Now that the first lot have arrived on these dreary shores hows about we see where the GTR majority is going to be?

Rough locations e.g. Southwest england, and the like, dont have to be postcodes or nothing!

P.S. first person in the north east of scotland to get one is taking me for a ride  

Neil


----------



## B19KAL (Aug 23, 2007)

Mines is located in Glasgow. Should arrive by the end of May





P.S. first person in the north east of scotland to get one is taking me for a ride  


I'm open to offers!!!!:chuckle:


----------



## bigfra (Jan 19, 2008)

Mine will be in Lanarkshire so im not that far! We should get a Scottish meet AFTER i get mine (June)


----------



## ANDYR35 (Sep 1, 2008)

Got mine in the Glasgow area


----------



## DonDavidson (Jul 1, 2008)

ok....free pints for an entire weekend for whoever gives me a ride in one of theirs...lol, hows that for an offer?


----------



## duka (Oct 6, 2002)

DonDavidson said:


> Now that the first lot have arrived on these dreary shores hows about we see where the GTR majority is going to be?
> 
> Rough locations e.g. Southwest england, and the like, dont have to be postcodes or nothing!
> 
> ...


there is a black one going around, spotted it a Westhill service station on Saturday & there will be a red one arriving on friday night (subject to traffic!)


----------



## ramsub (Jan 8, 2008)

Mine will be in south london. Arriving Fri.


----------



## goranot (Mar 20, 2008)

I'm in midlands got it on the 9th April


----------



## gonadthegolf (Apr 11, 2009)

ANDYR35 said:


> Got mine in the Glasgow area


Andy,

Where abouts roughly? South side by any chance?? I want to know if ive got a chance of spotting you, cant wait to see one in the metal!

Cheers mate


----------



## WoREoD (Apr 27, 2008)

So far mine's been in Cambridgeshire, Bedfordshire, Hertfordshire, Buckinghamshire, Oxfordshire, Berkshire, Hampshire, Dorset, Devon, Cornwall & Somerset! But will be mostly Oxfordshire!


----------



## Spazpeker (Mar 26, 2008)

Get Mine this Friday as well
Aberdeen Area
Black Black edition


----------



## DonDavidson (Jul 1, 2008)

duka said:


> there is a black one going around, spotted it a Westhill service station on Saturday & there will be a red one arriving on friday night (subject to traffic!)
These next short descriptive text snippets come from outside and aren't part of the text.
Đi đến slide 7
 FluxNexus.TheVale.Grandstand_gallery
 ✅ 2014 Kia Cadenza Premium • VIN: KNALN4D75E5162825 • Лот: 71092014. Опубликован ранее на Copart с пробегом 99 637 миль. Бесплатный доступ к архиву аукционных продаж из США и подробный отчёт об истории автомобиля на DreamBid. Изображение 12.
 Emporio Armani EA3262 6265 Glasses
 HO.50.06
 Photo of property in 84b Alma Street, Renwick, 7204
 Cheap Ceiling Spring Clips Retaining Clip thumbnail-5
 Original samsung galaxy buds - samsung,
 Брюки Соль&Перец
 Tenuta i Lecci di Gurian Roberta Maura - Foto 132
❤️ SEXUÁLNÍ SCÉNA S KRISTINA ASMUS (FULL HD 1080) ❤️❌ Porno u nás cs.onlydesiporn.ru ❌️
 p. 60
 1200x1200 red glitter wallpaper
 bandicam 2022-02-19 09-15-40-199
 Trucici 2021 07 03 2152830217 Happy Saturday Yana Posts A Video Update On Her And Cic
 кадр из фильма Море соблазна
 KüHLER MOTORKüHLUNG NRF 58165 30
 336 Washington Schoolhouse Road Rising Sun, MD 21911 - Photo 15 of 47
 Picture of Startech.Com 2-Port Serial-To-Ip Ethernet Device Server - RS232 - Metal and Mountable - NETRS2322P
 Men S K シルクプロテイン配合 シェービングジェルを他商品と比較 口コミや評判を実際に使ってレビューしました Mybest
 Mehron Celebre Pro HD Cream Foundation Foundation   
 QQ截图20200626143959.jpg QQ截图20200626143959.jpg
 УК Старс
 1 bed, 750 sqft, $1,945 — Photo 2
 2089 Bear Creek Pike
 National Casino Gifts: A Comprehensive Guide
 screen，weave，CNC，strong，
dont suppose it'll be driving through the woodside area any time soon? lol

dying to see one of these beasts in the flesh, seems to be alot headed to scotland tho! which is promising


----------



## bigfra (Jan 19, 2008)

Spazpeker said:


> Get Mine this Friday as well
> Aberdeen Area
> Black Black edition



Hmmm,that will make a change from the Lambo's,Fezza's,Astons and Porkers that are the norm in Aberdeen


----------



## duka (Oct 6, 2002)

Spazpeker said:


> Get Mine this Friday as well
> Aberdeen Area
> Black Black edition


which HPC?


----------



## Spazpeker (Mar 26, 2008)

Nobles


----------



## kevinsmart (Mar 31, 2008)

Picking my Black Black up from Noble's too on Friday.


----------



## GTR ally (May 19, 2008)

I don't expect to see mine for ages yet as I've gone for the sat nav model. Mine will be in Newtonhill. It's going to be a long summer.

Ally


----------



## DonDavidson (Jul 1, 2008)

GTR ally said:


> I don't expect to see mine for ages yet as I've gone for the sat nav model. Mine will be in Newtonhill. It's going to be a long summer.
> 
> Ally


What colour you gone for ally?

Neil


----------



## GTR ally (May 19, 2008)

DonDavidson said:


> What colour you gone for ally?
> 
> Neil


I went for the ultimate silver premium edition.

Ally


----------